Yet Sari Bashi, an Israeli-American human rights lawyer who is the executive director of the Public Committee Against Torture in Israel, and who was interviewed for Kristof’s opinion column, points out that there is no “evidence that it has been ordered.” She said she believes, however, that there is “persistent evidence that the authorities know it’s happening and are not stopping it.”

'It's impossible to know how common sexual assaults against Palestinians are'

And even Kristof himself admits that “it’s impossible to know how common sexual assaults against Palestinians are” - though that does not stop him from going on for almost 4,000 words about the total certainty that Israelis “systematically employ rape and sexual torture” to humiliate Palestinian prisoners and that Israel allows, even enables, Israeli settlers to sexually assault Palestinian civilians in the West Bank.

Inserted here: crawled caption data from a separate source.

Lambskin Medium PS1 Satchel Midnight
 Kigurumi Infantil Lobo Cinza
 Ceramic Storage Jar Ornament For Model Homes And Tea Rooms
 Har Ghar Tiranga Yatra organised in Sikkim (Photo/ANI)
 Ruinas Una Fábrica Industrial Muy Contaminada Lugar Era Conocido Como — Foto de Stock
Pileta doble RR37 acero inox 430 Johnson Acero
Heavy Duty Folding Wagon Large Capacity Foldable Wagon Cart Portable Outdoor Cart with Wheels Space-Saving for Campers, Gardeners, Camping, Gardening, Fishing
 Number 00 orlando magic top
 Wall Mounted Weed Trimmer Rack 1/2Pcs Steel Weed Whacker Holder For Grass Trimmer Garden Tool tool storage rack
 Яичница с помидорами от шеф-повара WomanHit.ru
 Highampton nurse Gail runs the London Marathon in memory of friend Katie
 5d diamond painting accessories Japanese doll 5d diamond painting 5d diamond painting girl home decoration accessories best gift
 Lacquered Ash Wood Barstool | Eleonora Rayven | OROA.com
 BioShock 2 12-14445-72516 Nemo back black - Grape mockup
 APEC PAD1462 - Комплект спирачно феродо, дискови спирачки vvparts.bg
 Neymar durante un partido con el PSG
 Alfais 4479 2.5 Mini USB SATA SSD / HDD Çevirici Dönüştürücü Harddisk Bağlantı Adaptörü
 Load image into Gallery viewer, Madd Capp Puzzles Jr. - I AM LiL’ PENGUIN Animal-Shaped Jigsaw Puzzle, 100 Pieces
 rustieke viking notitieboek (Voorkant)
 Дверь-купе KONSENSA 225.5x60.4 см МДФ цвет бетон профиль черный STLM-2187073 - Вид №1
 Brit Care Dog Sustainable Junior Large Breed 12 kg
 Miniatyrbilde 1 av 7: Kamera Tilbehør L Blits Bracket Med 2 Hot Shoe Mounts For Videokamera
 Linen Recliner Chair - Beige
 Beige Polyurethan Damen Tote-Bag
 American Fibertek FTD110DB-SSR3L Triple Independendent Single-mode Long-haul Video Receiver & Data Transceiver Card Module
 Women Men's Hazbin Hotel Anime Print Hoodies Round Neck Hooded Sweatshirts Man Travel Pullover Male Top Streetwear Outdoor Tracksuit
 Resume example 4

The famed New York Times columnist even goes so far as to call on the US to “condition arms transfers on an end to sexual assault,” arguing that “we could send a moral and practical message that sexual violence is unacceptable no matter the identity of the victim.”

Maybe it would also send a message to other departments of his own newspaper that the Israeli victims of Hamas’s systematic sexual violence and rape on October 7, and afterward, as Israeli hostages languished in Gaza, also deserve to have their stories told?

Kristof’s column was published and promoted prominently on the NYT’s website, even including a separately produced video clip, one day ahead of a monumental Israeli report into Hamas’s systematic sexual crimes on October 7, which over the past two-and-a-half years have been downplayed or outright denied by a multitude of human rights and women’s rights activists, organizations, and officials.

The report by the Civil Commission on October 7th Crimes by Hamas against Women and Children was distributed to media outlets in Israel, including the NYT, weeks ahead of its publication on Tuesday. It was picked up by many journalists and platforms, but was somehow skipped by The New York Times.

It’s disappointing that the newspaper prefers baseless claims of Israeli rape dogs over actual reports on atrocities.